The problem, a government adviser said, is that the line between what the French are ready to accept in the name of security and what they would deem a violation of their civil liberties is moved further back with each new attack.

‘Israeli model’

The model most talked-about in recent weeks in French political and security circles has been that of Israel — based on a deep awareness of the terror risk by the population, armed patrols in public transports, systematic controls at entrance points of public spaces.

“It seems clear to me the Israeli model is the direction we should be moving towards,” said François Heisbourg, special adviser at France’s Strategic Research Foundation, who has co-authored several government papers on terrorism over the years. Heisbourg, a former adviser to Socialist governments, has publicly called Hollande’s response to terror acts “inefficient and laughable” — at least in terms of intelligence and prevention.

“We have to move to a life where you can’t carry backpacks in public spaces, where bags are seriously and systematically searched, and not by tired employees who only take a quick look,” he said.

In Nice, a terrorist killed scores of children. On Tuesday, a priest had his throat slashed in front of his flock.

The attack in Saint-Etienne-du-Rouvray, however, underlines the challenge facing the authorities.

“What’s next? Do we now put two cops or two soldiers in every French church?” the government adviser asked.

The head of a private security firm, who didn’t want to be identified, raised doubts about the Israeli model. “Do we want closed terrestrial borders and to bring back the draft?” he asked.

Heisbourg said the nature of the Normandy attack illustrates what he sees as ISIL’s ultimate goal: triggering a civil war in France.
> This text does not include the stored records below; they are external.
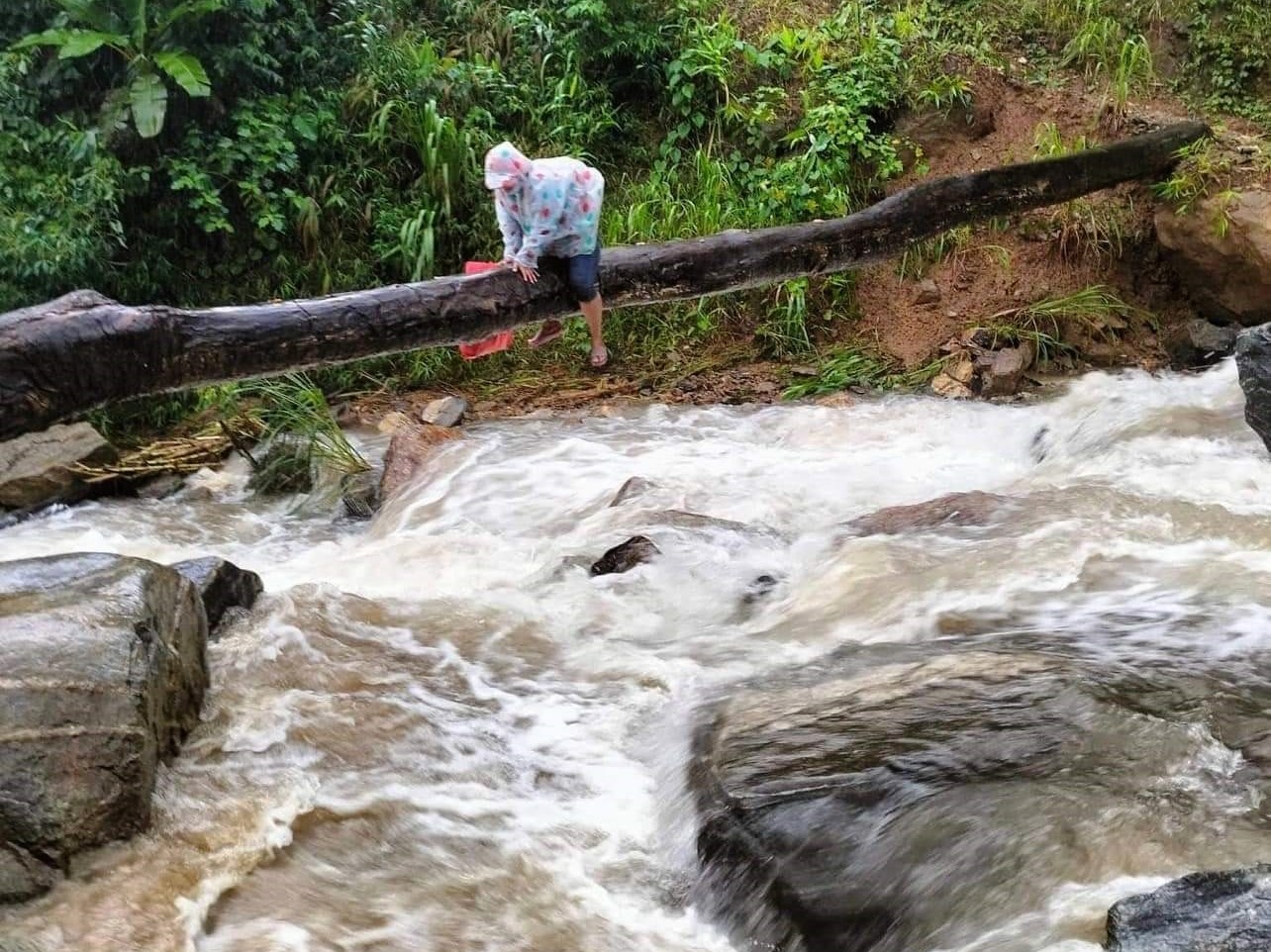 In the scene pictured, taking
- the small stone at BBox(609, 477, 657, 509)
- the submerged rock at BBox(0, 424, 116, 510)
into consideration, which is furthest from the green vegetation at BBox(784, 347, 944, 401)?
the submerged rock at BBox(0, 424, 116, 510)

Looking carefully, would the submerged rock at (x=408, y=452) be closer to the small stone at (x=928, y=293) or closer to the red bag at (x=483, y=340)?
the red bag at (x=483, y=340)

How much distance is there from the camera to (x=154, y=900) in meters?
2.79

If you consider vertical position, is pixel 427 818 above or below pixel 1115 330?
below

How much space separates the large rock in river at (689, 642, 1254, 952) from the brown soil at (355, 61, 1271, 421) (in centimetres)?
481

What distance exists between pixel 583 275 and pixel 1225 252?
16.7ft

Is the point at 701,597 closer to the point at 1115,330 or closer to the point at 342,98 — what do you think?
the point at 1115,330

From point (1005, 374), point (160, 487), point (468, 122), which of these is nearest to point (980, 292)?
point (1005, 374)

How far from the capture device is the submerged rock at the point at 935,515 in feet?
16.9

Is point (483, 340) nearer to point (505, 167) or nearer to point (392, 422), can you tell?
point (505, 167)

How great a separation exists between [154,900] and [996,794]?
2.39 metres

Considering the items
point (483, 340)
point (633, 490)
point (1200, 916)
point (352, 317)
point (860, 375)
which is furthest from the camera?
point (860, 375)

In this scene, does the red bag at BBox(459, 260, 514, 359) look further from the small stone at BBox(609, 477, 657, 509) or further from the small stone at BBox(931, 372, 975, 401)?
the small stone at BBox(931, 372, 975, 401)

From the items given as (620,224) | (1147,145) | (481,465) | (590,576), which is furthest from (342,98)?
(1147,145)

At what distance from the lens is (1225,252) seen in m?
7.12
“They killed a priest, in his church, in front of his flock,” and in another precedent, he noted, “in a small French town.” The emotional impact of the Nice Bastille Day truck rampage was magnified by the fact that children were among the victims. This time, the cultural and religious affront will have “a tremendous impact,” the government adviser said.

Among those feeling the most impact, politically, will of course be Hollande, the president whose chances to win a second term next year — or even to run again — are shrinking with every new attack.